• **Work to be completed**: Locate the line bearing "Cổ tử cung tổn" in the material below, then reproduce it and each following line up to and including the line bearing "ABIN6257661 and ABIN6274208".

• **Dataset records**:
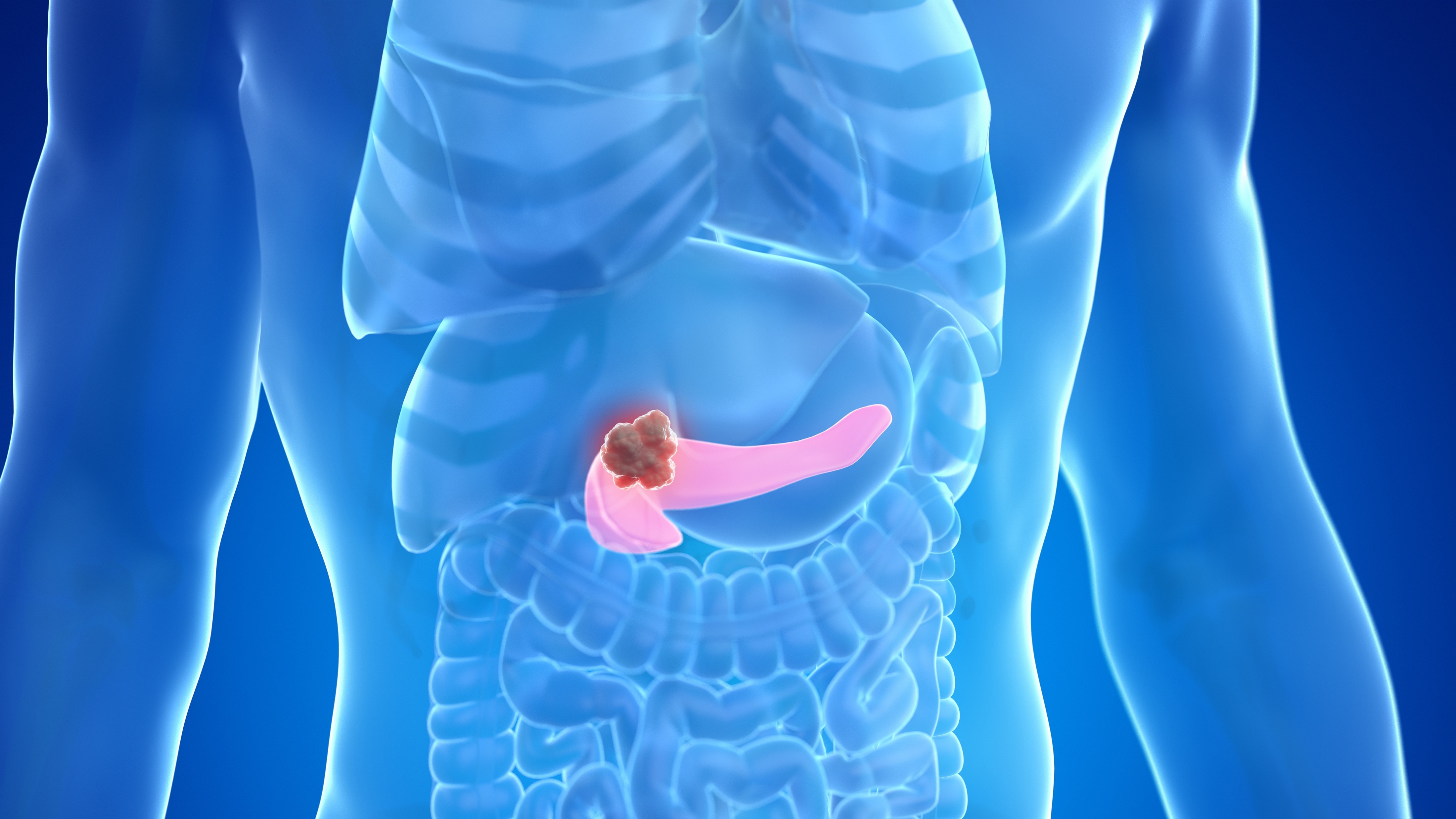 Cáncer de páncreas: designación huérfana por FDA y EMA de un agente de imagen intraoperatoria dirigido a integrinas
---
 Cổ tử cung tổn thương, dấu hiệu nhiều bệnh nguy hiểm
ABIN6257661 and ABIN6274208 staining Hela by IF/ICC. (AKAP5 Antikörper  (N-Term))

• **Response below**:
 Cổ tử cung tổn thương, dấu hiệu nhiều bệnh nguy hiểm
ABIN6257661 and ABIN6274208 staining Hela by IF/ICC. (AKAP5 Antikörper  (N-Term))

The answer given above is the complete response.